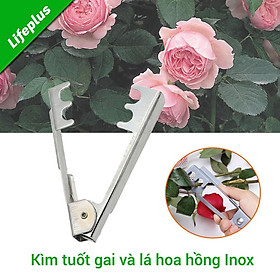 Kìm tuốt gai và lá hoa hồng tươi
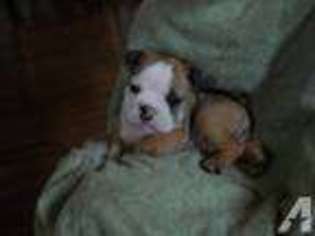 Bulldog Puppy for sale in WILLARD, MO, USA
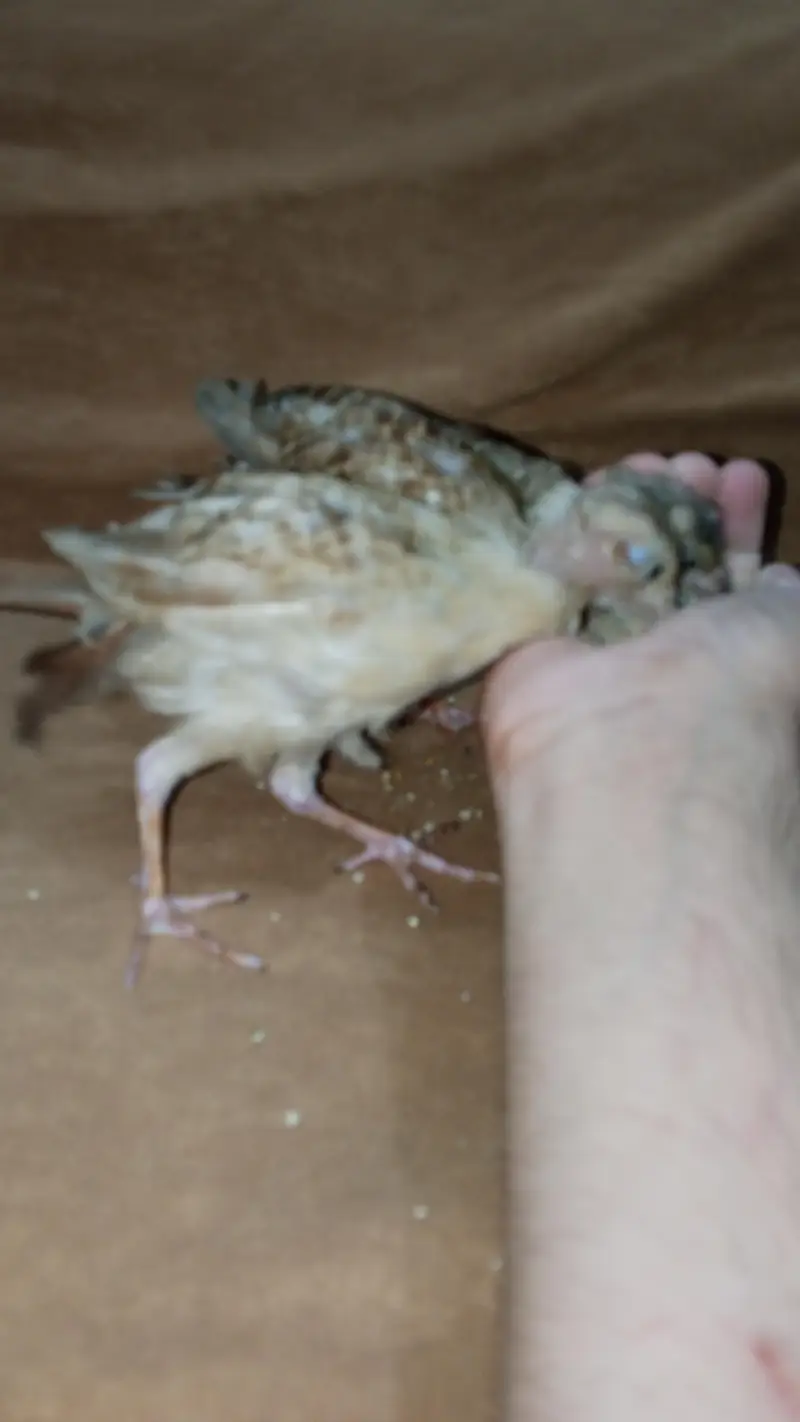 teetar chicks pair for sale — photo 2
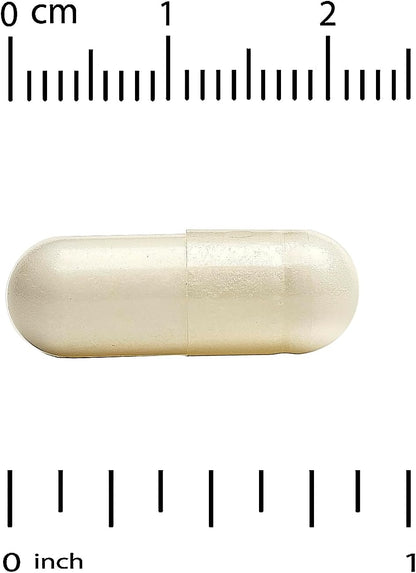 White capsule pill with a ruler for scale on a white background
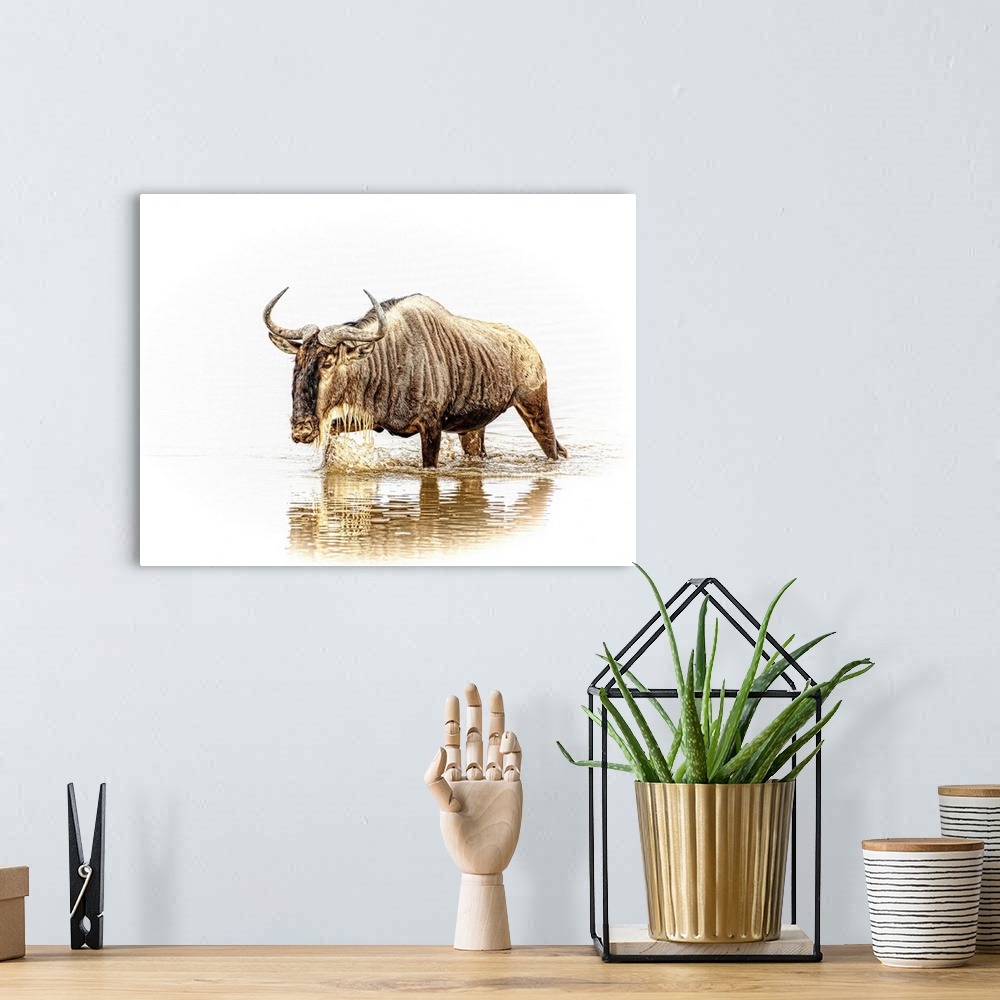 A bohemian room featuring A wildebeest, isolated on a white background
________
> [Work instruction]
All lines from the one holding "White capsule pill" through the last line of the material above should be set down exactly, and the pictures should be left out.

> [Solution to this task]
 White capsule pill with a ruler for scale on a white background
 A bohemian room featuring A wildebeest, isolated on a white background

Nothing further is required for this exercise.